This does mean Scala can take more time to learn than other languages, and for this reason Scala has been criticized as being complex. The truth is that Scala has support for a wider set of programming idioms and techniques than most other languages, which can make you more effective, and allows you to write higher quality code. The learning curve is worth it!

Scala has borrowed core concepts from other languages.

Its object-oriented features use Java as the departure point, so it easily interfaces to existing Java code. Scala borrows its handling of collections and control structures from Ruby, Lisp and Haskell.
Its functional programming features bear a resemblance to Ruby, Lisp and Haskell.
Scala supports multiple concurrency models.
Haskell inspires Scala’s type system.
The features that allow Scala’s interactive use as a scripting language resemble Ruby and Python.

Scala Has a Great Open-source Ecosystem

Scala is open source. As it matured, it spawned a large community of supporters, who have developed a wide range of third-party libraries and components.

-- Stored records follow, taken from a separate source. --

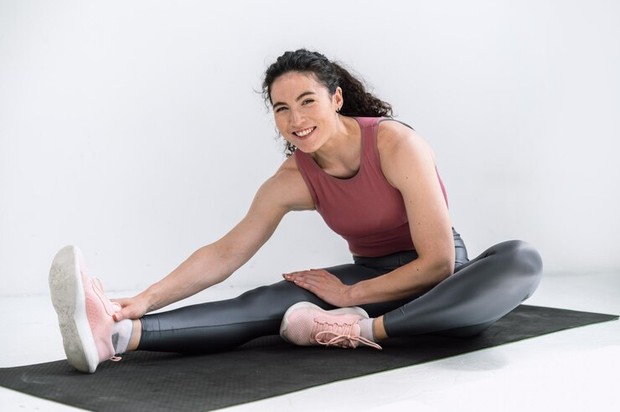 Ilustrasi perempuan stretching/Foto: Freepik.com/carlesmiro Strategi efektif untuk terhindar dari brainrot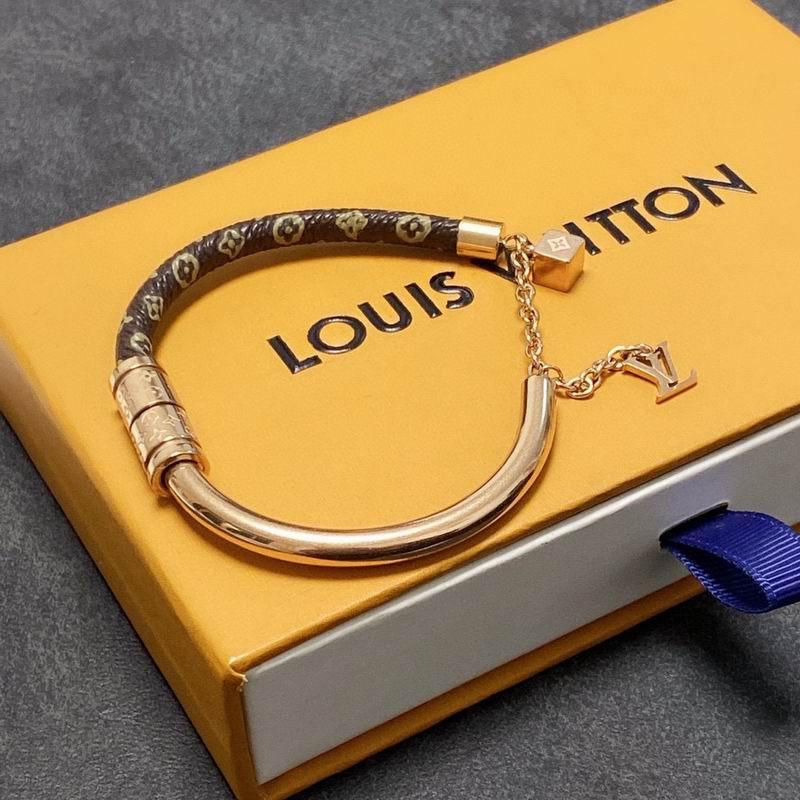 LV Bracelets 10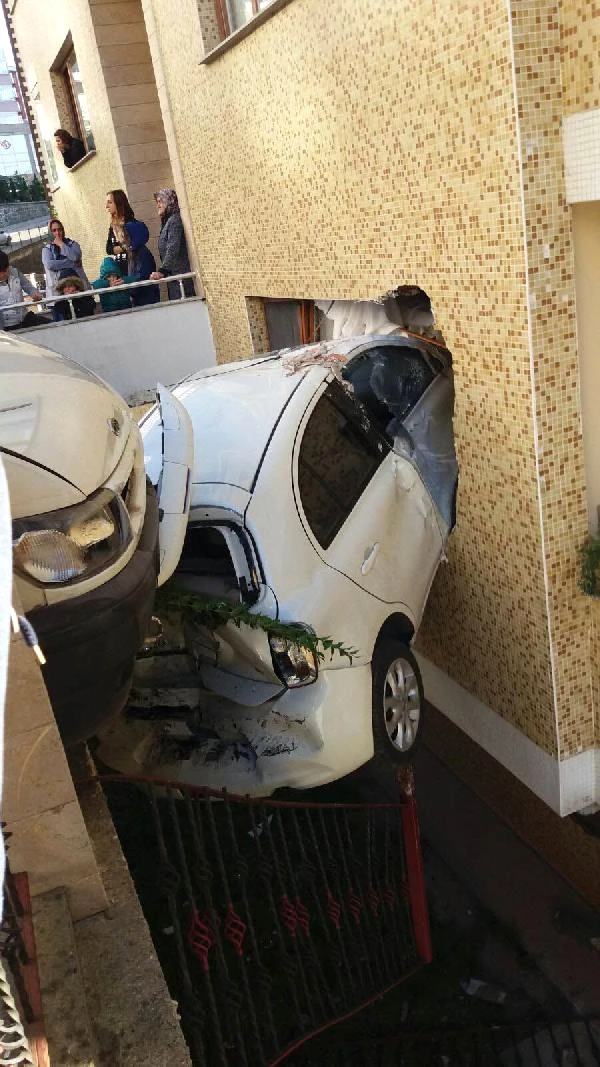 Minibüsün Çarptığı Otomobil Apartmana Girdi, Havada Asılı Kaldı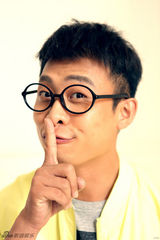 组图：张译曝呆萌时尚大片 搞怪连拍玩脱线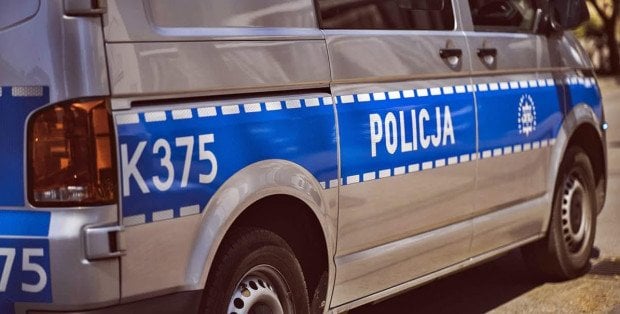 Policja, straż pożarna i karetki przy WKD w Grodzisku Mazowieckim. Jest komunikat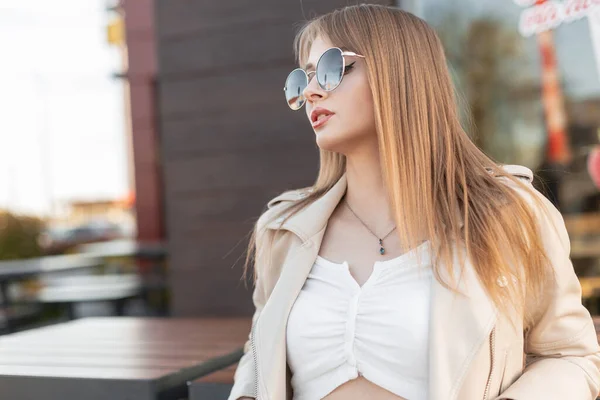 Street Fashion Portrait Trendy Beautiful Young Woman Hipster Stylish Sunglasses — Fotografia de Stock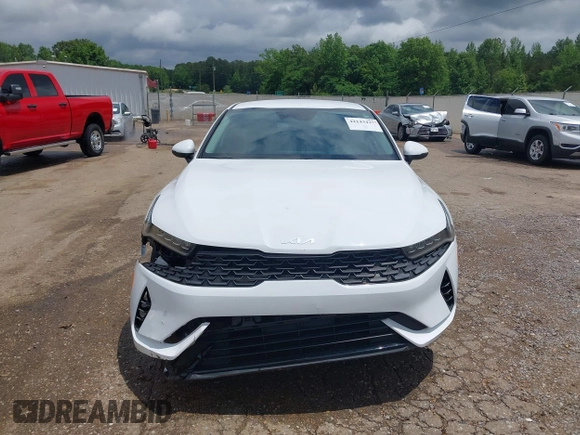 2023 Kia K5 LXS z VIN 5XXG14J2XPG210651, wystawiony jako IAAI lot #42243437 z przebiegiem 37 367 mil mil oraz . Historia ofert i sprzedaży dostępna na DreamBid. Obrazek 12.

Scala has some great testing tools like ScalaTest, Specs2, and ScalaCheck. ScalaCheck automatically generates a large number of test cases, based on boundary conditions and invariants. In fact, its not uncommon for an organization’s initial use of Scala to be for writing automated tests of an application written in some other JVM-based language.
Akka is a framework for building concurrent & distributed applications, and provides support for several concurrency models.
There are lots of impressive options for web frameworks. The most commonly known is the Play Framework, which is a full stack framework. Scalatra is a minimal web framework in the spirit of Ruby’s Sinatra. Akka HTTP is a minimal web framework for building streaming HTTP applications.
Scala has a wide range of libraries and frameworks for interfacing with persistent data stores, including SQL, and NoSQL and Big Data data stores.
Scala has become the most popular language for big data applications, using the Spark framework, which is partially written in Scala.
Scala is a great choice for writing Domain Specific Languages (DSLs). Scala has built-in syntax support for DSL languages, as well a rich parsing framework and library.
Scala can be even be compiled to Javascript, with Scala.js so you can use Scala to write your front-end and your back-end!
There are hundreds of supporting libraries and frameworks written in Scala, and thousands of existing Java libraries that you can use with Scala. Visit Scaladex and see for yourself!

... And Much More!

Some of the most interesting features are difficult to express in a sound bite. I’ll save those discussions for the course.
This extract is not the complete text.